Charles Petzold



The Two APIs

October 4, 2005
New York City

A book on the Windows Presentation Foundatation (formerly known as Avalon) is intrinsically more complicated than other Windows programming tutorials. The reason? It has two APIs.

WPF has a relatively normal object-oriented procedural API for coding with C#, VB, etc, but it also has a parallel XML-based API known as XAML, the Extensible Application Markup Language. The basic idea is that you do the program layout (pages, form design, dialog boxes) in XAML and then write event handlers in code.

One of the things I like about Windows Forms is that everything is done in code, including menus and dialog box layout. You can do a short program — or a whole dialog box in a larger program — entirely in one C# file. This seemed to me a massive improvement over the old Windows API approach of splitting the program between code and resource script.

At first I was a little hesitant about embracing a new API that went back to that split between code and script. But the power built into XAML is truly amazing and ultimately converted me. (In the article on Avalon I wrote for MSDN Magazine, I almost wrote that XAML was "a resource script on crystal meth" with the knowledge that the editors would probably change it to "steroids" but I decided that any comparison with the resource script was insulting.) For larger software house and larger applications, it can allow application development to be split effectively between designers and programs.

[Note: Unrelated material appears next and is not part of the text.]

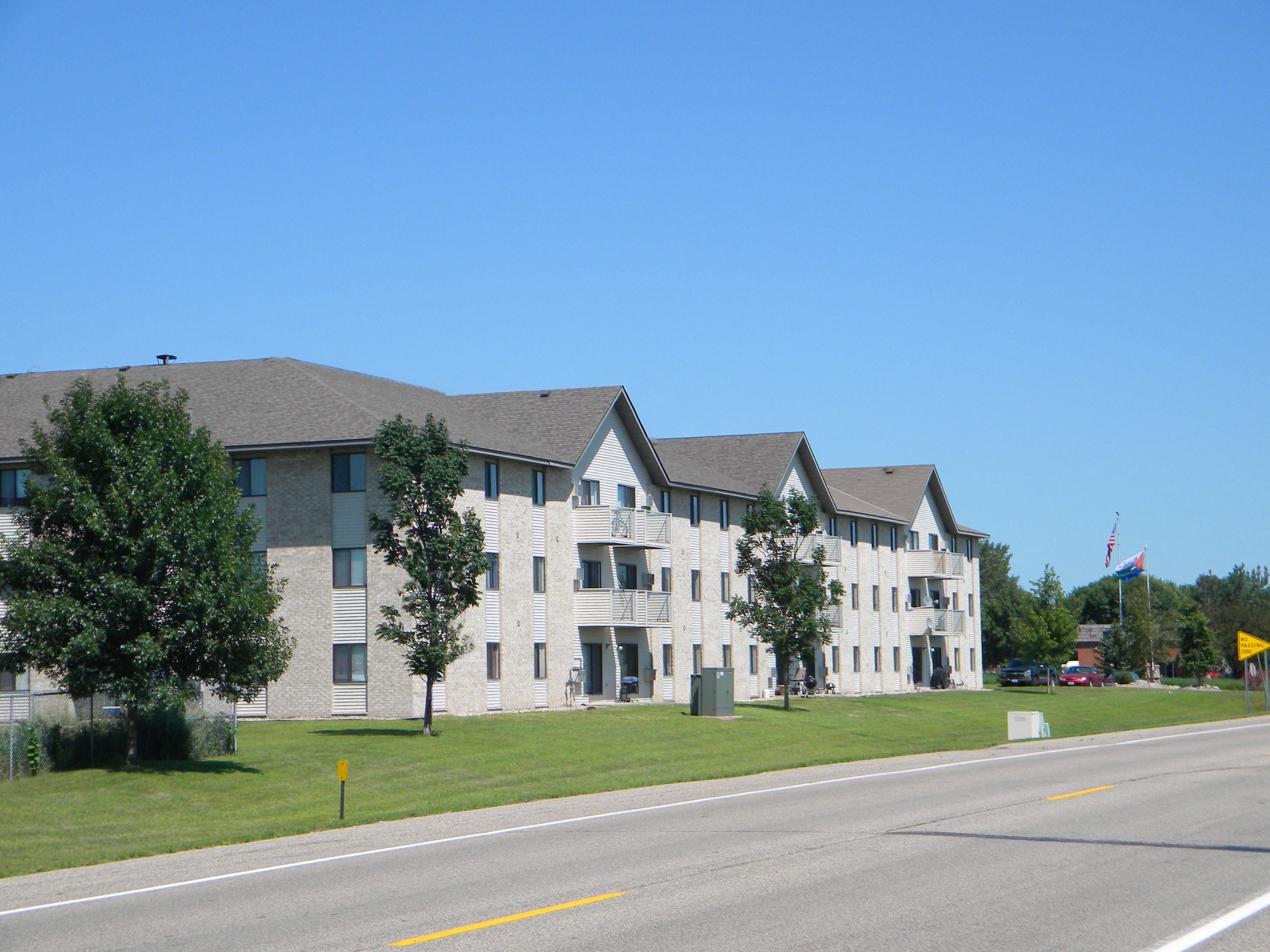 Deer Park Apartments in Hutchinson, MN RENTCafe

For Visual Studio users, splitting off layout into a separate file has an extra potential bonus: Maybe Visual Studio can stop generating code that it doesn't let the programmer modify (and would prefer that the programmer not even see). It's certainly safer and more rational for Visual Studio to generate and maintain XML than C# code.

Yet, I believe that XAML makes most sense as an alternative to precedural code rather than a replacement for it. Everything you can do in XAML you can also do in code (although the code is certainly more verbose). It seems obvious that any Avalon programmer needs to know XAML, but just as importantly, needs to know how to write applications without XAML.

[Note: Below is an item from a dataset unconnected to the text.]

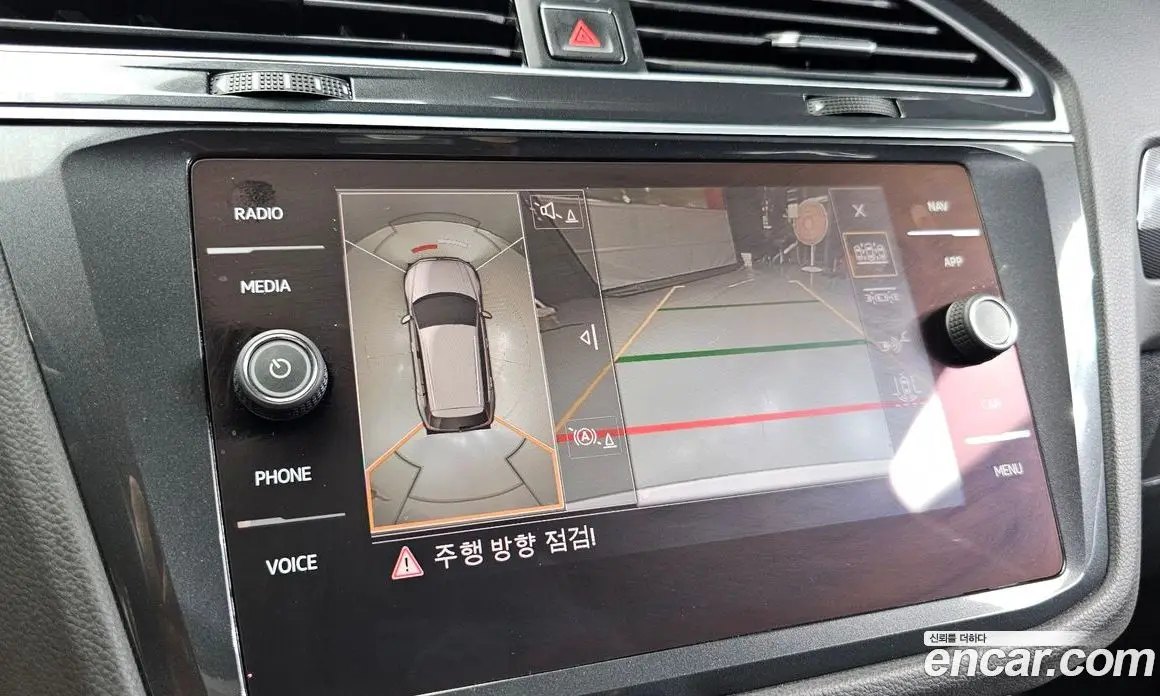 Volkswagen Tiguan 2018 2.0 автомат (гидро), фото 15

For that reason, my book will definitely start with writing programs purely in C#. Eventually, of course, I'll begin introducing XAML, but I'm not sure how soon. The book is supposed to be 900 pages long. How many pages could I go before the first XAML chapter? Two hundred pages, perhaps? Even then, I think, I'd like to start slipping some XAML into the applications a little at a time, and really focus on the equivalent code. There are, of course, several huge topics in Avalon programming — I'm thinking styling and animation — where I really want to stress the use of XAML, but until then I'd like to maintain a balance.

Of course, Visual Studio doesn't help at all. You tell Visual Studio you want an Avalon app and it generates two XAML files, five C# files, a .resx file, and a .settings file. So once again, I'm forced to use the Empty Project approach. Visual Studio may be great for programmers, but it's a disaster for people like me who write programming tutorials.